:: COLLECTED MATERIAL ::
= = = = =

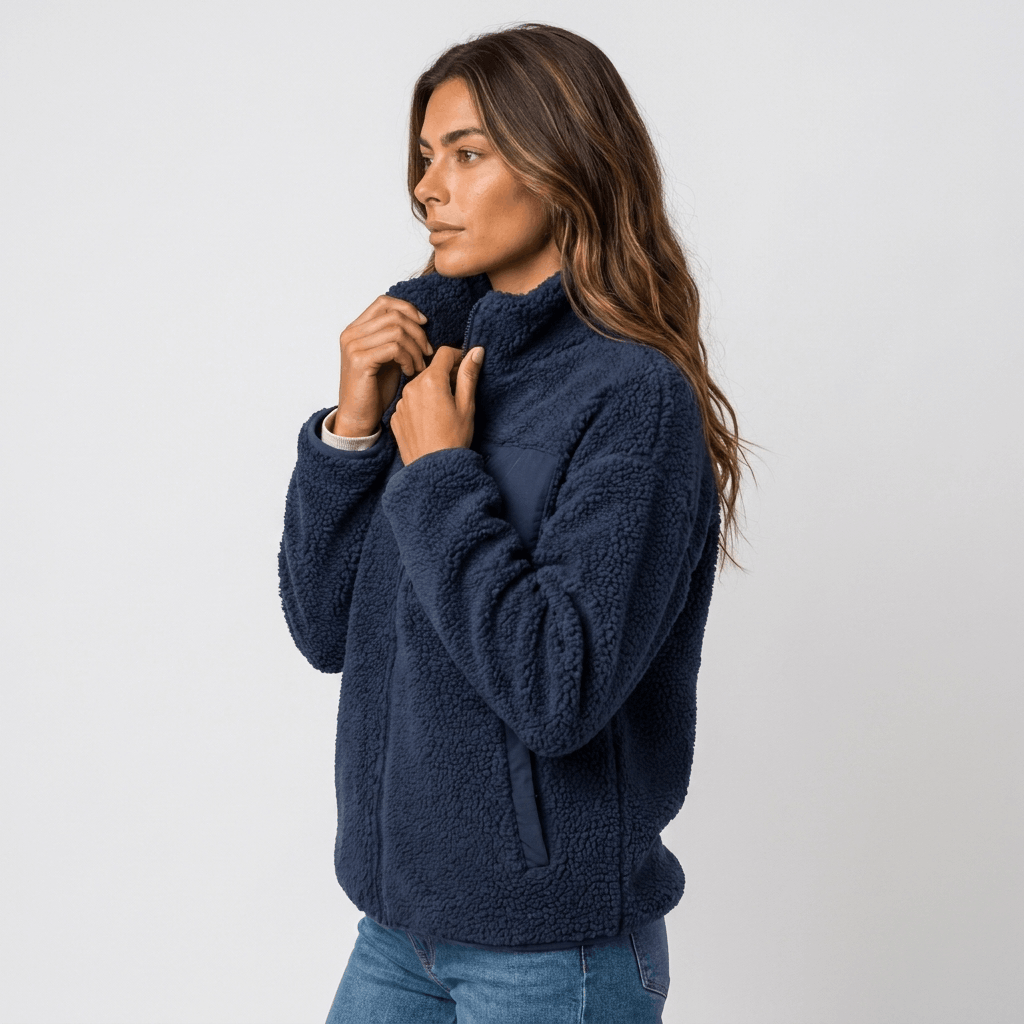 Side view of a woman wearing a navy blue textured fleece jacket with a stand collar and front zip closure.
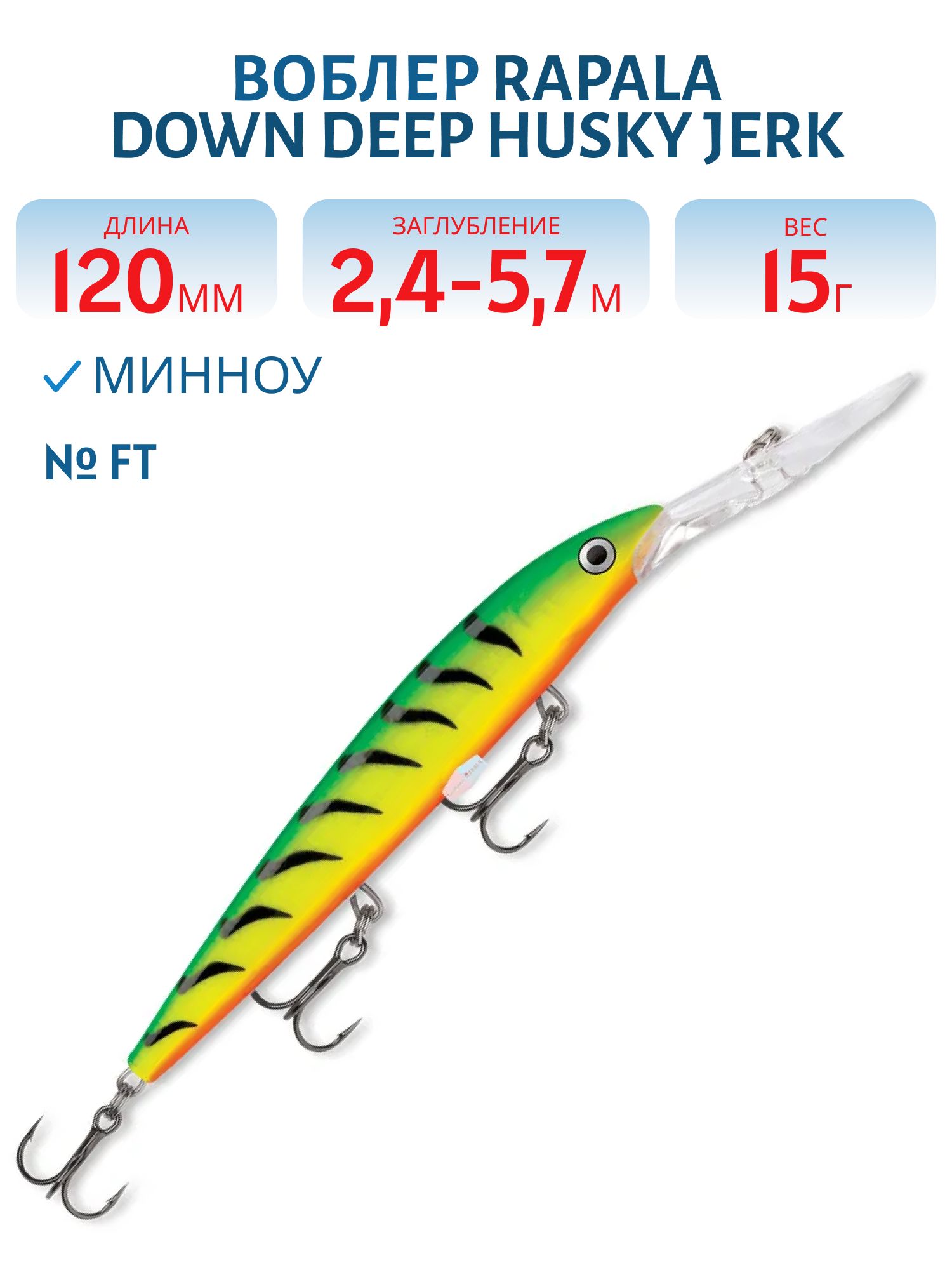 Воблер Rapala Down Deep Husky Jerk 12 /FT
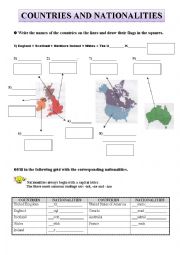 English Worksheet: Countries and Nationalities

= = = = =

:: EXERCISE GOAL ::
Reproduce every line above as written, skipping pictures.

:: OUTPUT OF THE TASK ::
 Side view of a woman wearing a navy blue textured fleece jacket with a stand collar and front zip closure.
 Воблер Rapala Down Deep Husky Jerk 12 /FT
 English Worksheet: Countries and Nationalities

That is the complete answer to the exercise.